Commerce extérieur : Un bond de 482% du budget d’aide aux exportateurs
Le ministre du Commerce extérieur et de la Promotion des exportations, Kamel Rezig, a révélé samedi devant l’Assemblée populaire nationale qu’une enveloppe exceptionnelle de 5 milliards de dinars a été mobilisée en 2023 pour apurer les arriérés dus aux exportateurs depuis 2017, expliquant ainsi l’explosion de 482% du budget du programme de soutien à l’export par rapport aux prévisions initiales. Devant la commission des finances et du budget, Kamel Rezig a présenté un exposé détaillé sur l’exécution budgétaire 2023 de son département, marquée par cette mesure d’assainissement sans précédent. Le programme « Encadrement des échanges commerciaux et promotion des exportations » disposait initialement d’une enveloppe de 6,037 milliards de dinars, portée à plus de 11 milliards avec les crédits supplémentaires débloqués en cours d’exercice. Le taux de consommation a atteint 81,56%, soit plus de 4,9 milliards de dinars effectivement décaissés.
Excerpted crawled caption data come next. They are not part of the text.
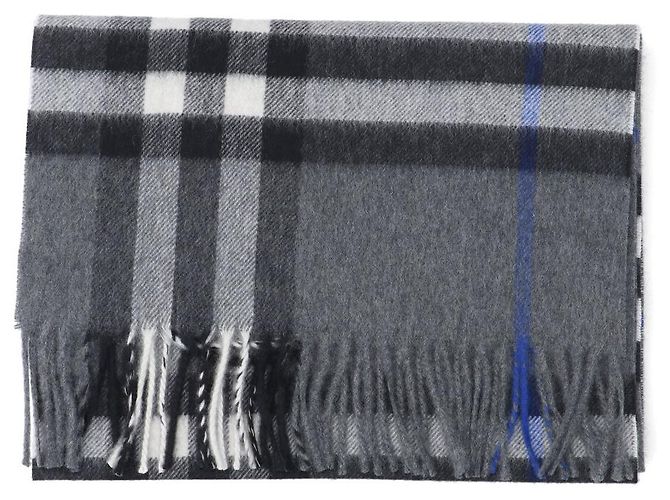 Écharpe Burberry Check en cachemire gris - vue 2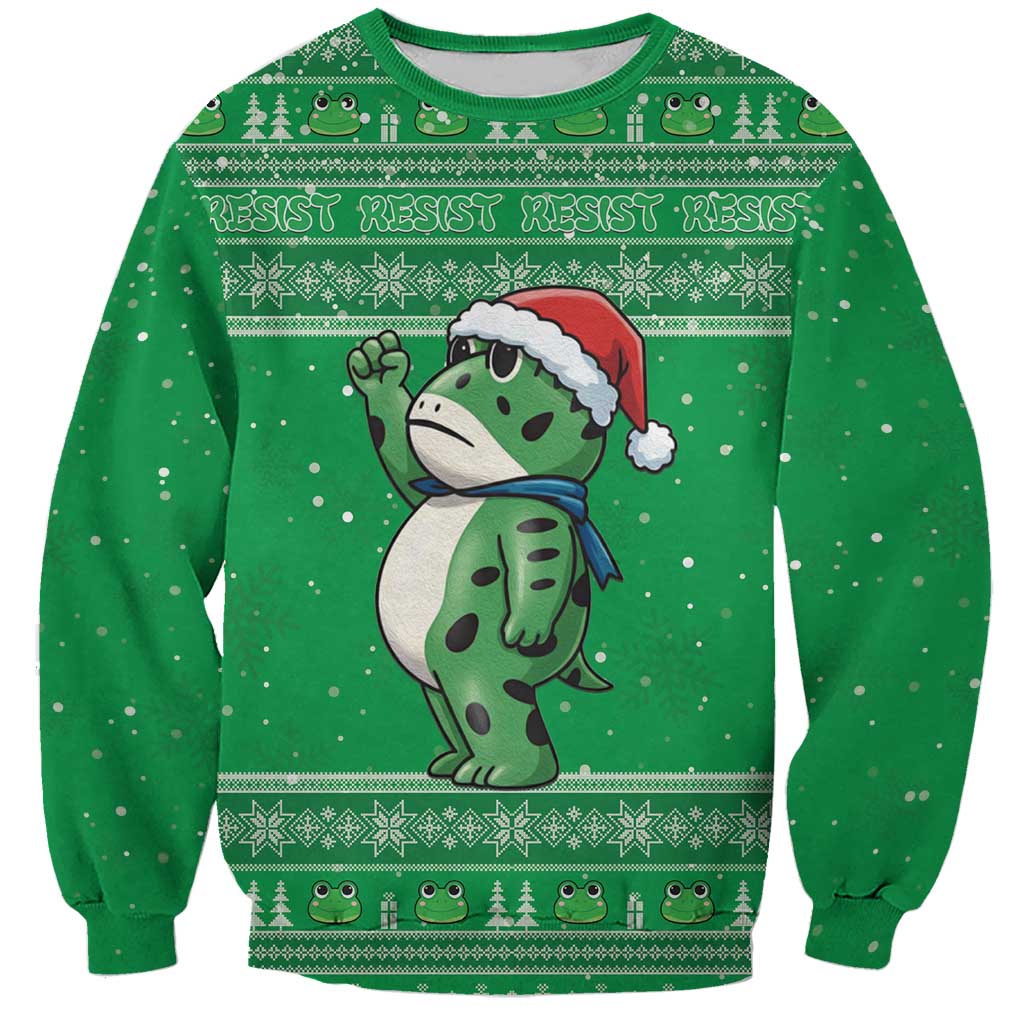 Funny Christmas Portland Frog Protest Sweatshirt Merry Frog-mas - Wonder Print Shop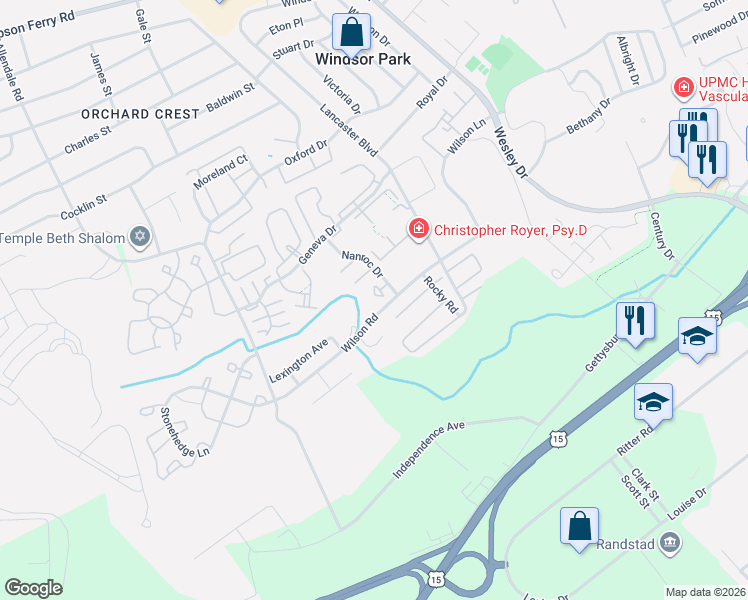 map of restaurants, bars, coffee shops, grocery stores, and more near 1119 Nanroc Drive in Mechanicsburg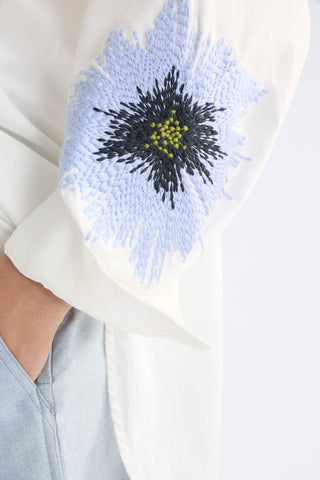 Elk Eiren Relaxed Shirt - White & Lilac Blue | Pink Poppies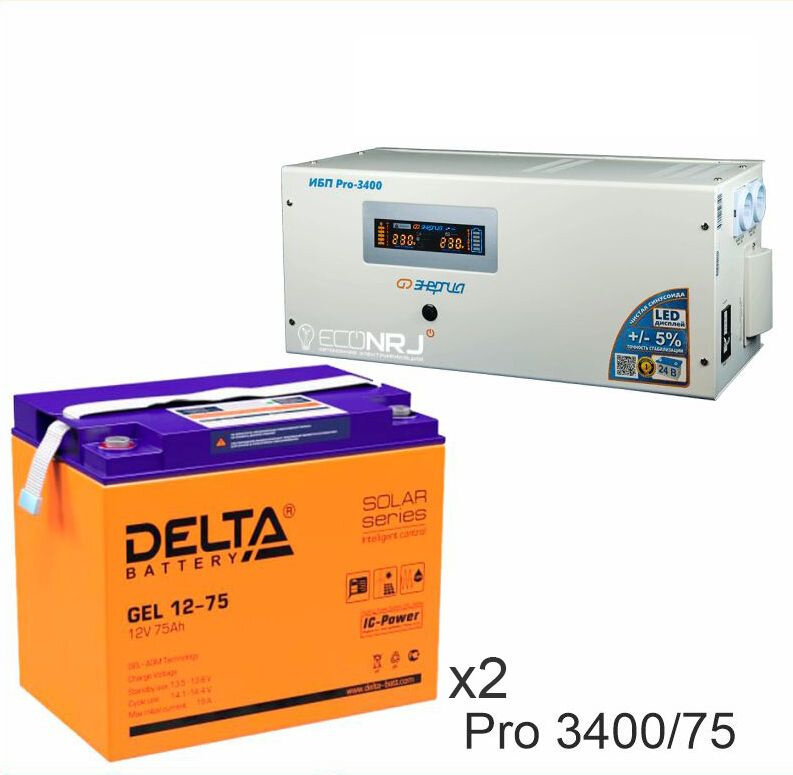 Энергия PRO-3400 + Аккумуляторная батарея Delta GEL 12-75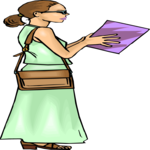 Woman with Book Clip Art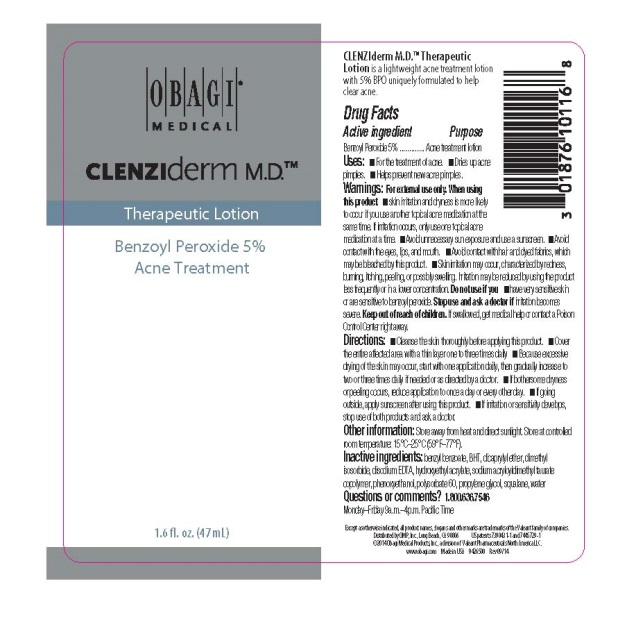 Clenziderm M.D. Therapeutic Lotion 47 mL Bottle Label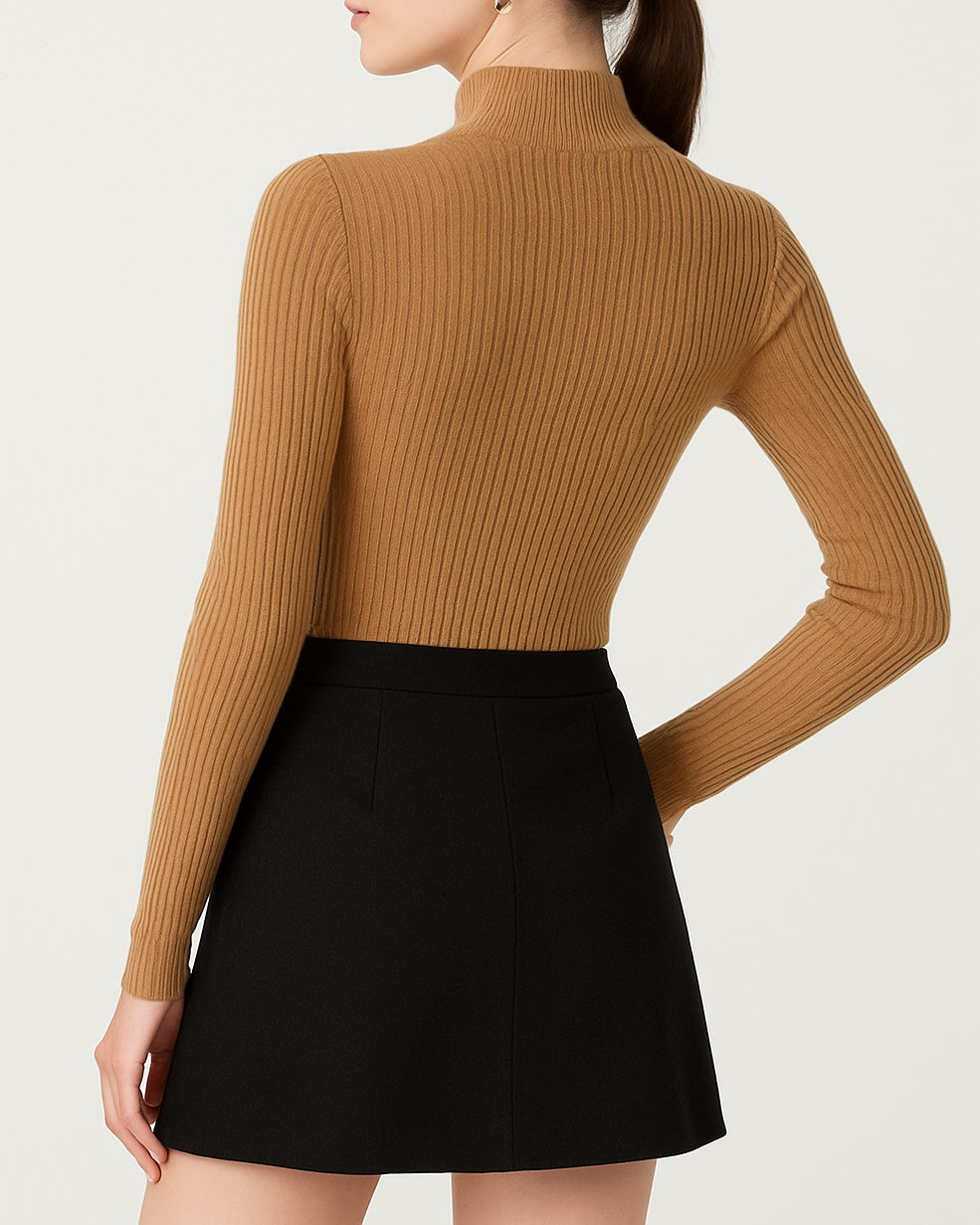 Arwen Ribbed Zip Turtleneck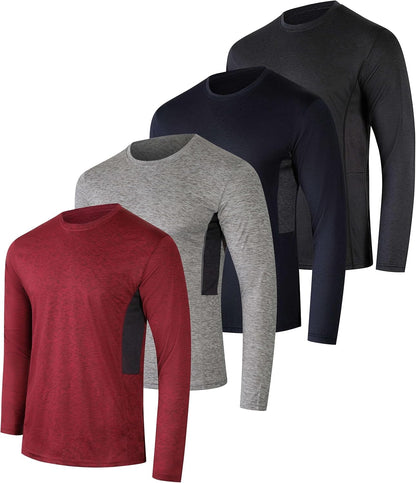 Men's UV-Protective Dry-Fit Long Sleeve Shirts - 4Pack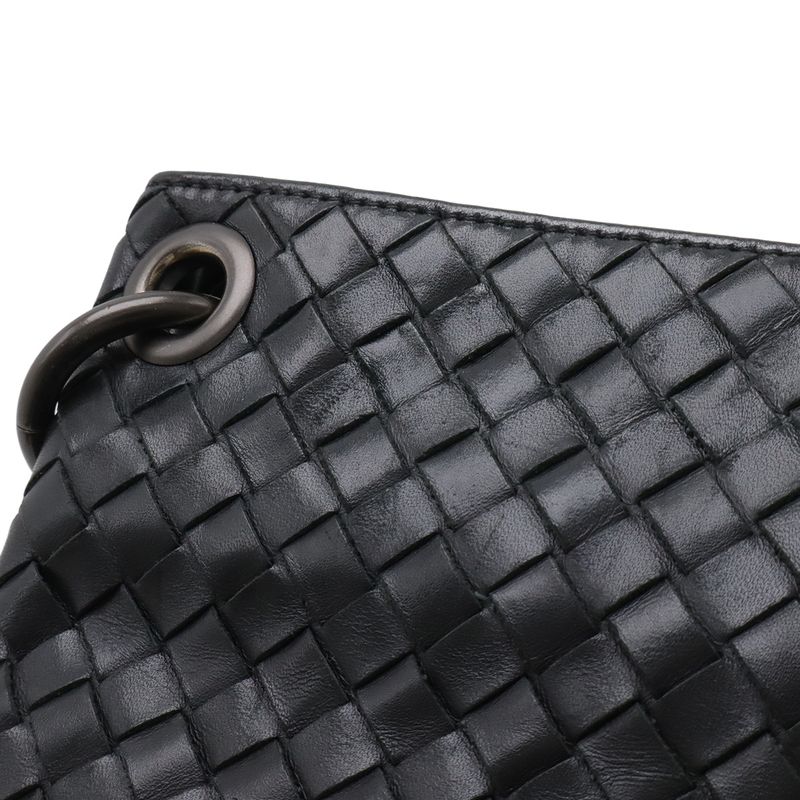 Bottega Veneta Intrecciato Shoulder Bag Crossbody Leather Black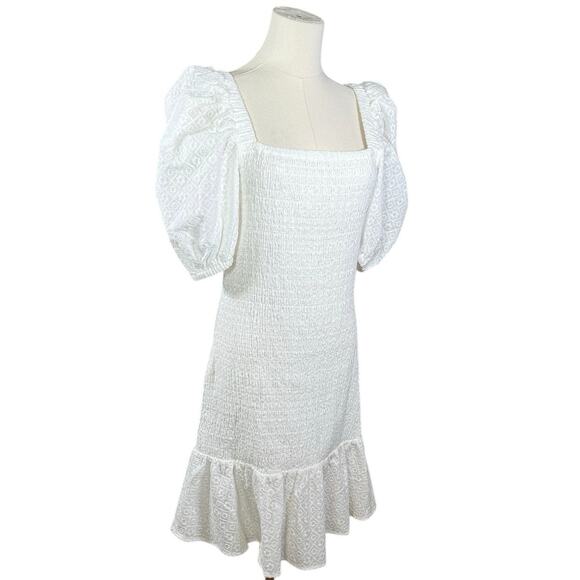 NWOT Rachel Parcell Cotton White Puff Sleeve Smocked Mini Dress | Ruffle Hem | L - Picture 4 of 12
Le ministre a souligné qu’il s’agit d’« une gestion rationnelle et efficace des crédits, fondée sur des décaissements liés à des dossiers conformes aux conditions requises », tout en insistant sur le respect des règles de la comptabilité publique et l’absence de recours aux dépenses de régularisation de fin d’exercice, pratique couramment décriée. Cette hausse spectaculaire de 482% s’explique par une situation d’endettement de l’État envers les exportateurs qui s’était cristallisée sur plusieurs années. Le ministre a précisé qu’un milliard de dinars supplémentaire, programmé dans le budget initial, couvrait quant à lui les contributions courantes de l’année 2023, permettant d’assurer la continuité du dispositif de soutien pour les nouveaux dossiers d’exportation. « Cette démarche vise à garantir une plus grande efficacité de la dépense publique et à l’orienter vers les entreprises productrices », a-t-il affirmé, soulignant la volonté du gouvernement de rétablir la confiance et de relancer la dynamique d’exportation hors hydrocarbures. Cette régularisation massive intervient dans un contexte où l’Algérie cherche à diversifier son économie et à réduire sa dépendance aux revenus pétroliers.
S.B.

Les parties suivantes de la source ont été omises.